He will take you away with hooks - Two modes of fishing are here alluded to:

  1. Angling with rod, line, and baited hook.
  • That with the gaff, eel-spear, harpoon, or such like; the first used in catching small fish, by which the common people may be here represented; the second, for catching large fish, such as leave the sea, and come up the rivers to deposit their spawn; or such as are caught in the sea, as sharks, whales, dolphins, and even the hippopotamus, to which the more powerful and opulent inhabitants may be likened.
  • But as the words in the text are generally feminine, it has been supposed that the prophecy is against the proud, powerful, voluptuous women. I rather think that the prophet speaks catachrestically; and means men of effeminate manners and idle lives. They are not the bulls of Bashan, but the cows; having little of the manly character remaining. Some understand the latter word as meaning a sort of basket or wicker fish-nets.

    Albert Barnes
    Notes on the Whole Bible

    The Lord God hath sworn by His holiness - They had sinned to profane His “Holy Name” (see the note at Amos 2:7). God swears by that holiness which they had profaned in themselves on whom it was called, and which they had caused to be profaned by others. He pledges His own holiness, that He will avenge their unholiness.: “In swearing “by His holiness,” God sware by Himself. For He is the supreme uncreated justice and Holiness. This justice each, in his degree, should imitate and maintain on earth, and these had sacrilegiously violated and overthrown.”

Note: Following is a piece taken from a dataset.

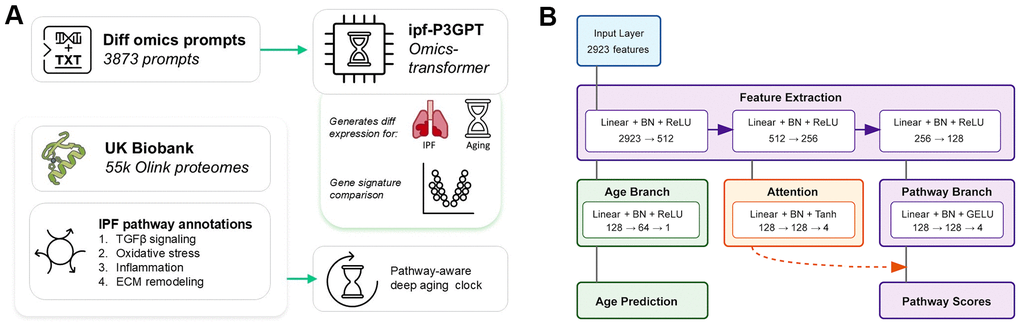 Deep learning models for studying IPF and fibrotic diseases. (A) This paper presents two deep learning models: an omics-transformer that generates differential gene expression profiles from text prompts and a pathway-aware aging clock trained on UK Biobank proteomics data. The models focus on IPF-relevant biological pathways including TGF-β signaling, oxidative stress, inflammation, and ECM remodeling. (B) Architecture of the pathway-aware proteomic aging clock. The neural network processes protein measurements through feature extraction layers that branch into age prediction and pathway-specific attention mechanisms, enabling interpretable aging predictions with pathway awareness.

    Days shall come (literally, are among) upon you - God‘s Day and eternity are ever coming. He reminds them of their continual approach. He says not only that they will certainly come, but they are ever coming. They are holding on their steady course. Each day which passes, they advance a day closer upon the sinner. People put out of their minds what “will come;” they “put far the evil day.” Therefore, God so often in His notices of woe to come, (1 Samuel 2:31; Isaiah 39:6; Jeremiah 7:32; Jeremiah 9:25; Jeremiah 17:14; Jeremiah 19:6; Jeremiah 23:5, Jeremiah 23:7; Jeremiah 30:3; Jeremiah 31:27-31, Jeremiah 31:38; Jeremiah 33:14; Jeremiah 48:12; Jeremiah 49:2; Jeremiah 51:47, Jeremiah 51:52. (Ges.); Amos 8:11), brings to mind, that those “days are” ever “coming”; they are not a thing which shall be only; in God‘s purpose, they already “are;” and with one uniform steady noiseless tread “are coming upon” the sinner. Those “days shall come upon you,” heavily charged with the displeasure of God, crushing you, as ye have crushed the poor. They come doubtless, too, unexpectedly upon them, as our Lords says, “and so that day come upon you unwares.”

    He (that is one) will take you away - In the midst of their security, they should on a sudden be taken away violently from the abode of their luxury, as the fish, when hooked, is lifted out of the water. The image pictures (see Habakkuk 1:15; Ezekiel 29:4-5,) their utter helplessness, the contempt in which they would be had, the ease with which they would be lifted out of the flood of pleasures in which they had immersed themselves. People can be reckless, at last, about themselves, so that their posterity escape, and they themselves survive in their offspring. Amos foretells, then, that these also should be swept away.

    Matthew Henry
    Concise Bible Commentary
    What is got by extortion is commonly used to provide for the flesh, and to fulfil the lusts thereof. What is got by oppression cannot be enjoyed with satisfaction. How miserable are those whose confidence in unscriptural observances only prove that they believe a lie! Let us see to it that our faith, hope, and worship, are warranted by the Divine word.